═══ Given data ═══

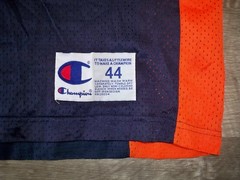 Vtg Champion John Elway Denver Broncos NFL Football Jersey Uniform Size Large 44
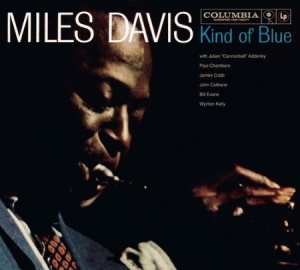 Davis Miles - Kind Of Blue in the group CD / Jazz at Bengans Skivbutik AB (692522)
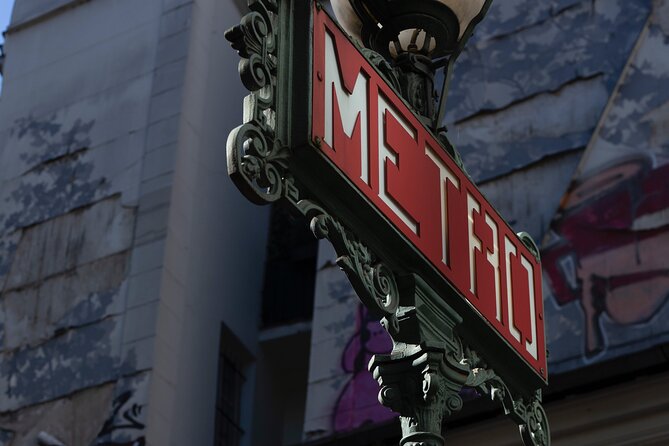 Private Walking Tour With Fashion Photographer and Paris Guide - Tour Details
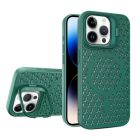 Silicon Colors Case iPhone 14 Pro Max with MagSafe Dark Green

═══

Task brief:
Please set down the data above exactly as given, leaving every picture out.

Written response:
 Vtg Champion John Elway Denver Broncos NFL Football Jersey Uniform Size Large 44
 Davis Miles - Kind Of Blue in the group CD / Jazz at Bengans Skivbutik AB (692522)
 Private Walking Tour With Fashion Photographer and Paris Guide - Tour Details
 Silicon Colors Case iPhone 14 Pro Max with MagSafe Dark Green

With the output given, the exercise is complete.